At trial, the jurors apparently believed the police officers. But more than five years after his original trial, Wakat had his conviction overturned in a post-conviction hearing. At the hearing, Wakat presented evidence that raised questions about whether falling down the stairs would have caused his injuries. He also put on evidence that contradicted Harlib’s claims that he had been injured as well (Illinois v. Wakat, 415 Ill. 610, 614).The judge hearing the evidence concluded that Harlib’s claims were not believable and that Wakat’s confession had been obtained through torture. That decision was affirmed on appeal by the Illinois Supreme Court (Illinois v. Wakat, 415 Ill. 610 (1953)).
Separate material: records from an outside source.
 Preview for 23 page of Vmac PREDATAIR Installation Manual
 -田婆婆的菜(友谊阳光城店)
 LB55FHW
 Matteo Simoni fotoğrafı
Illinois decided not to retry him. Wakat then filed a civil rights claim against the officers in federal court, asserting that because

he had a criminal record he was arrested without a warrant and detained for 6 days without being charged with a crime; thus he was barred from the right to give bail. He was denied the privilege of seeing his attorney. His property and tools were taken from him without legal process. He was coerced by the application of brutal force to sign a confession which was later used in court to convict him, thus compelling him to give evidence against himself in a criminal case.

Wakat v. Harlib, 253 F.2d 59, 64 (7th Circ. 1958).
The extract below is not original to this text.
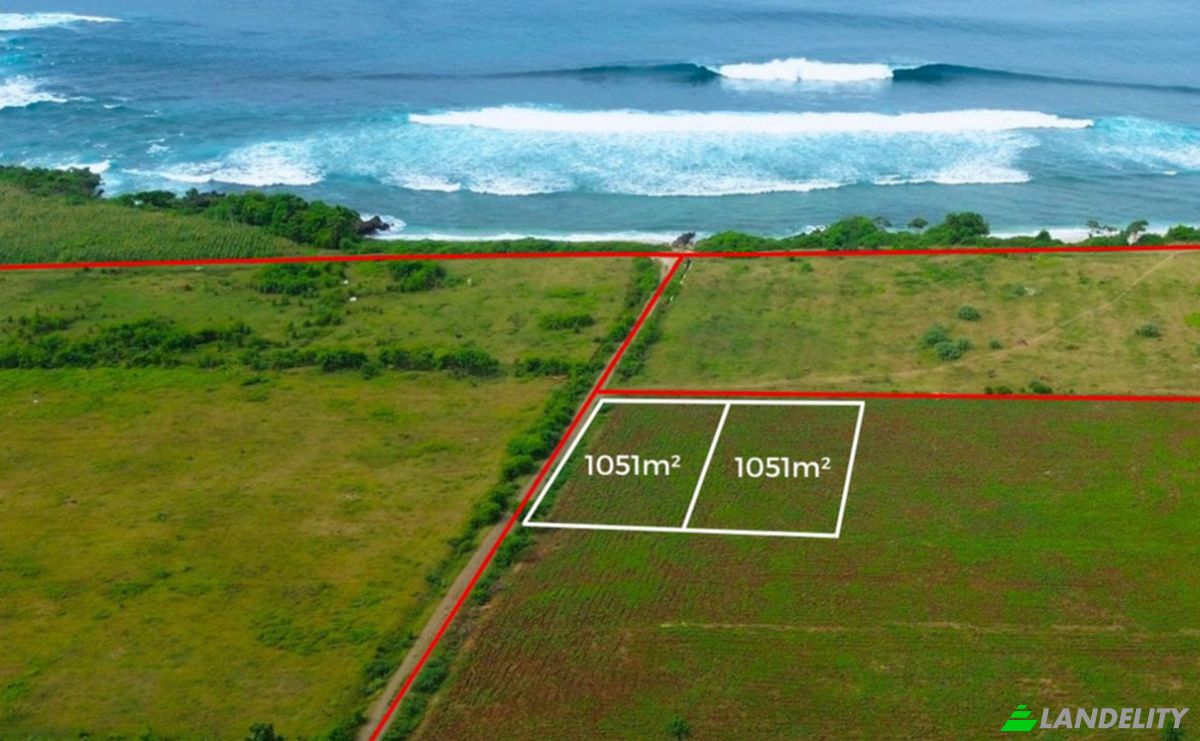 Land Lot for Sale Tatar, West Sumbawa Regency, West Nusa Tenggara, Indonesia, Sekongkang, West Nusa Tenggara 84457. Photo 1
Wakat was awarded $15,000 (Wakat v. Harlib, 253 F.2d 59 (7th Cir. 1958)). A year later, the ACLU of Chicago discussed Wakat’s case in its report, Secret Detention by the Chicago Police (1959). The report also noted, pointedly, that “no disciplinary action has ever been taken against Harlib by his superiors” (p. 17).

 

Civil liberties and the third degree

The charge that the Chicago police hanged suspects from their wrists during interrogations was repeated during the investigation into the Suzanne Degnan murder, in 1946. Degnan, a six-year-old, went missing from her bedroom on Chicago’s north side in January 1946. The kidnapping case became a murder investigation when parts of her body were discovered in sewer pipes near her family’s home.

Chicago police detectives arrested a number of suspects. One, sixty-five-year-old Hector Verburgh, was the janitor in the Degnan’s building. Another, thirty-five-year-old Desore Smet, was the janitor for a building nearby. Verburgh’s wife was also taken into custody (New York Times, January 9, 1946, p. 1; New York Times, January 10, 1946, p. 42). The Verburghs and Smet were released without charging two days after their arrest, though Smet was arrested and then released a second time a few days (Chicago Tribune, January 17, 1946, p. 1).

On January 24, the Chicago Civil Liberties committee organized a community meeting to protest Verburgh and Smet’s treatment at the hands of the police. The 400 people who attended the event called on the police chief and the mayor to train police officers about the civil rights of suspects and dismiss those officers who used the third degree. The meeting also asked the FBI to investigate Verburgh and Smet’s claims they were subject to the third degree while being interrogated (Chicago Tribune, January 25, 1946, p. 5).

The Verburghs then sued. In their complaint, Hector Verburgh claimed that while he was in custody the police handcuffed his hands behind his back and then

by a rope or other device attached to the handcuffs behind his back, raised his body from the floor until his weight rested on his toes and shoulder sockets, causing intense pain and torture.

(Chicago Tribune, February 2, 1946, p. 4).

The Verburghs’ suit asked for $125,000; they settled their case for $20,000 (Chicago Tribune February 21, 1946, p.1). Smet, who had filed his own suit for $50,000 in damages, was paid just over $5000 in the settlement (Chicago Tribune August 17, 1946, p. 7).